Hey, look, some links!
- The future of loneliness As we moved our lives online, the internet promised an end to isolation. But can we find real intimacy amid shifting identities and permanent surveillance? (Guardian)
- In Vietnam, Rampant Wildlife Smuggling Prompts Little Concern (New York Times)
- Rory McIlroy Has the Best Swing in Golf How far will it take Northern Ireland’s onetime child prodigy? (New York Times) H/T to my dad for sending this to me.
As someone who has a social life divided by the internet and the physical world, I found the first article to be fascinating, if somewhat ill-informed. I truly believe that friendships you make online are just as real as those you make in person. Actually, I don’t just believe this, I know it. I have several very close friends who I only know through the internet. I’ve met a couple of them in person and I was the bridesmaid in another’s wedding. But there are others who I may never meet, as we live oceans apart. This doesn’t devalue our friendships in any way, shape or form.

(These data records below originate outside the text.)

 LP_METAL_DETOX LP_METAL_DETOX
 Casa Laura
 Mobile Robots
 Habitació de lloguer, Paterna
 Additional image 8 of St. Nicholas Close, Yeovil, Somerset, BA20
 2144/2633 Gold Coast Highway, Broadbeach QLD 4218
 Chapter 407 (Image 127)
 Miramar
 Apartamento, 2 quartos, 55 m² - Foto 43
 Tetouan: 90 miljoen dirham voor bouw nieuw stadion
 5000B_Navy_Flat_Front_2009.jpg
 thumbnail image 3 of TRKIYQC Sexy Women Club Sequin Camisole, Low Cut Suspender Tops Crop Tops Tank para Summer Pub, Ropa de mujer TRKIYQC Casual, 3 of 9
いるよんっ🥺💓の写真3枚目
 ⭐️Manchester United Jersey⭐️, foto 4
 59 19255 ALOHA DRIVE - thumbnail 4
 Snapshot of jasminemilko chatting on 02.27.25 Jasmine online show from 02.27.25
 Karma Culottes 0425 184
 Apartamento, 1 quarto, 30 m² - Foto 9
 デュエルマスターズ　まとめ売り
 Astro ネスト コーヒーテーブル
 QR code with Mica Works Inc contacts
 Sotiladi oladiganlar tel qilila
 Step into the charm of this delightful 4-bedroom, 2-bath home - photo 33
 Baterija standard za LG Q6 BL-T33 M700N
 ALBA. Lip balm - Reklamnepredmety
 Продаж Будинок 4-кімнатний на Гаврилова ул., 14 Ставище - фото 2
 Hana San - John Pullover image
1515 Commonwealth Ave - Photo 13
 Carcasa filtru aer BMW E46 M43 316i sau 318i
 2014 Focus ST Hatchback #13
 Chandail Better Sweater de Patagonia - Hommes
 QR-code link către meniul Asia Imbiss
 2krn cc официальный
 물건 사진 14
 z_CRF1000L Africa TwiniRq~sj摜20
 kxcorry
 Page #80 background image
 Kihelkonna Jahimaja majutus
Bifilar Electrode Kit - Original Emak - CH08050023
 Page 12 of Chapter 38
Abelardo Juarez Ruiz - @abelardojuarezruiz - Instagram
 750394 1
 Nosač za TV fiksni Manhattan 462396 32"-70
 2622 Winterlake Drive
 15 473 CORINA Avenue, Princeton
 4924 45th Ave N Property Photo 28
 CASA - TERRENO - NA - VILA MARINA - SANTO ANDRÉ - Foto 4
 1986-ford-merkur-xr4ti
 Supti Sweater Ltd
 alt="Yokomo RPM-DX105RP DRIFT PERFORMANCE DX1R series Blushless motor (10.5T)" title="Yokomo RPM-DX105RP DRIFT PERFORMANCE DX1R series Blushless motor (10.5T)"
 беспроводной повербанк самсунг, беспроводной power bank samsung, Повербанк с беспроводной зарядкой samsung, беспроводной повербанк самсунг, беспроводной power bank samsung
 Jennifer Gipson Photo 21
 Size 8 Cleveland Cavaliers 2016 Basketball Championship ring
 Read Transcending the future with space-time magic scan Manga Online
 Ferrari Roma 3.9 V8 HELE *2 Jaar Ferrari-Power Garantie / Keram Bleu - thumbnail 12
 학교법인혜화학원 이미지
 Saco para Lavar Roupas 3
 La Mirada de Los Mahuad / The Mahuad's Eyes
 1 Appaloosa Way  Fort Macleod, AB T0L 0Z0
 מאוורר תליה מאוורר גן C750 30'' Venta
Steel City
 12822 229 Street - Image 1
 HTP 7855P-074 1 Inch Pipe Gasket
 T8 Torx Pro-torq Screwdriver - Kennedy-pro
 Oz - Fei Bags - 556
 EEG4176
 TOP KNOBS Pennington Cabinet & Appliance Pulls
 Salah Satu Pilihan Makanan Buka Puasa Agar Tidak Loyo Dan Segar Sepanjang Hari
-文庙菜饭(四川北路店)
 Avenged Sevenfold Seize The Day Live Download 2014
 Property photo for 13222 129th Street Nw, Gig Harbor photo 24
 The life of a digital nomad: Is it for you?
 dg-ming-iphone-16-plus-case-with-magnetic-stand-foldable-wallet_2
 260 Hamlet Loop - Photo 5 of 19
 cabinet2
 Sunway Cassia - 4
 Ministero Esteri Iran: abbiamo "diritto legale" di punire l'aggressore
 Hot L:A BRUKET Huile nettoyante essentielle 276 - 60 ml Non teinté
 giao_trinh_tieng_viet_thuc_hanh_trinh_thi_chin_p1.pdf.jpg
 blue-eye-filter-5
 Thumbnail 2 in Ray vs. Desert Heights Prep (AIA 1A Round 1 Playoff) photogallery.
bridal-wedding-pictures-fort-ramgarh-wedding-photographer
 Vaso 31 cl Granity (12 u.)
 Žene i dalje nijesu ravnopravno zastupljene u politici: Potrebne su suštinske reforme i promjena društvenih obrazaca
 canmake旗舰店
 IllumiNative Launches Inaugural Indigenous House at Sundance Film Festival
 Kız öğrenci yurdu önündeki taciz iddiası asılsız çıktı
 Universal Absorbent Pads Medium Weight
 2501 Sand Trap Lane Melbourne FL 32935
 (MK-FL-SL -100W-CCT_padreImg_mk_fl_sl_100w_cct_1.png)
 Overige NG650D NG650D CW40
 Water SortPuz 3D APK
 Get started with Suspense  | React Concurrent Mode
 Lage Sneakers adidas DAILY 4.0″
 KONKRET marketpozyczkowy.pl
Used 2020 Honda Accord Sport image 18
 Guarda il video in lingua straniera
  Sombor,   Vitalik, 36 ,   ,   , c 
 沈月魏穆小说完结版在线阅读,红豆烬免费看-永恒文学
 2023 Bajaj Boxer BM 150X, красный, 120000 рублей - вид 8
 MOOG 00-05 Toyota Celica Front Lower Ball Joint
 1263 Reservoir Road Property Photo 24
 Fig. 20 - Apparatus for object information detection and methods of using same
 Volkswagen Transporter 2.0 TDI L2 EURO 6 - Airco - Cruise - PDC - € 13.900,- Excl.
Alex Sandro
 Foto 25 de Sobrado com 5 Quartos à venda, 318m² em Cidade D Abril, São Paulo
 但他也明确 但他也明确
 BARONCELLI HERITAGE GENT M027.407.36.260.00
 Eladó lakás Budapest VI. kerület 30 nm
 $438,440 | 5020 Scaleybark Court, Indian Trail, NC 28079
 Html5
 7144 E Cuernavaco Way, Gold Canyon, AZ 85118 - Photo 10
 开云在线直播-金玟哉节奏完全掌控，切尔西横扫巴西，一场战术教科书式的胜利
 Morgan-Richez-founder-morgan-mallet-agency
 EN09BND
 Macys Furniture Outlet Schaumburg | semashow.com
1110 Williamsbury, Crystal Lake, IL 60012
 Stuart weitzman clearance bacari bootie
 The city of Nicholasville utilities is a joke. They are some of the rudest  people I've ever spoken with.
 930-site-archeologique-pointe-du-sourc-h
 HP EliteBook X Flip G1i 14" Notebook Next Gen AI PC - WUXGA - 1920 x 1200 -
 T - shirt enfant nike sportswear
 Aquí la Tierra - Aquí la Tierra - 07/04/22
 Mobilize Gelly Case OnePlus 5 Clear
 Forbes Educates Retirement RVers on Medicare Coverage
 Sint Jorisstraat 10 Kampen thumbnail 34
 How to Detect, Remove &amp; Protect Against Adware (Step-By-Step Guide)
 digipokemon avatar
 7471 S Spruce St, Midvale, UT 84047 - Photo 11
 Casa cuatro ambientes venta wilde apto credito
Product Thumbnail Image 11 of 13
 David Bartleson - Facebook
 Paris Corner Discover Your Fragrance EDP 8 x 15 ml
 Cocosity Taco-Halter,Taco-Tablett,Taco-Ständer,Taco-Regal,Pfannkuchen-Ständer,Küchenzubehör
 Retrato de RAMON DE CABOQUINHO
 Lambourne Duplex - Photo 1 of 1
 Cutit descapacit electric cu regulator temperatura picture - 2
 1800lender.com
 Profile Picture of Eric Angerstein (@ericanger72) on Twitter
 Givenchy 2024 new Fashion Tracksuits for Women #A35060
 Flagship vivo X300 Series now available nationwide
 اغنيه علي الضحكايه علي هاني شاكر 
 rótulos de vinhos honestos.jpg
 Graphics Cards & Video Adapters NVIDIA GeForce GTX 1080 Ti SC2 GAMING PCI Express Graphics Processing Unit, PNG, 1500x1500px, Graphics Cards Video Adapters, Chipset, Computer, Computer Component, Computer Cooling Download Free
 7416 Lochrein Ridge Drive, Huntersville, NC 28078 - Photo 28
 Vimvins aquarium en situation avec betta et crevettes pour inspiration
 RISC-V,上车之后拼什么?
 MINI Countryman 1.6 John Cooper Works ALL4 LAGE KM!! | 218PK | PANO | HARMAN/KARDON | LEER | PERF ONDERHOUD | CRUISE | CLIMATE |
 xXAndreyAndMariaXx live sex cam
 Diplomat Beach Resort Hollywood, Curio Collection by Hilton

I believe the crux of the problem is relying on the idea that followers on social media are the same as tangible friends — the ones you talk to (you may email them every day, or every week, month or even once or twice a year — but they are your friends and not just people you happen to know). I have over 100 followers (each) on twitter, tumblr and on Facebook. I would only consider a handful of these to be actual friends and of those, even fewer who are close friends. If you confuse friendship and followers, then you’re missing two things: the point of social media is not to create a super large group of actual friends and friendships cannot be bound or determined by anything other than the relationship between two people. I feel that the author, at the end of the article, came to realize that it is the quality of the friendships, not the quantity of the ‘friends’ that really matters.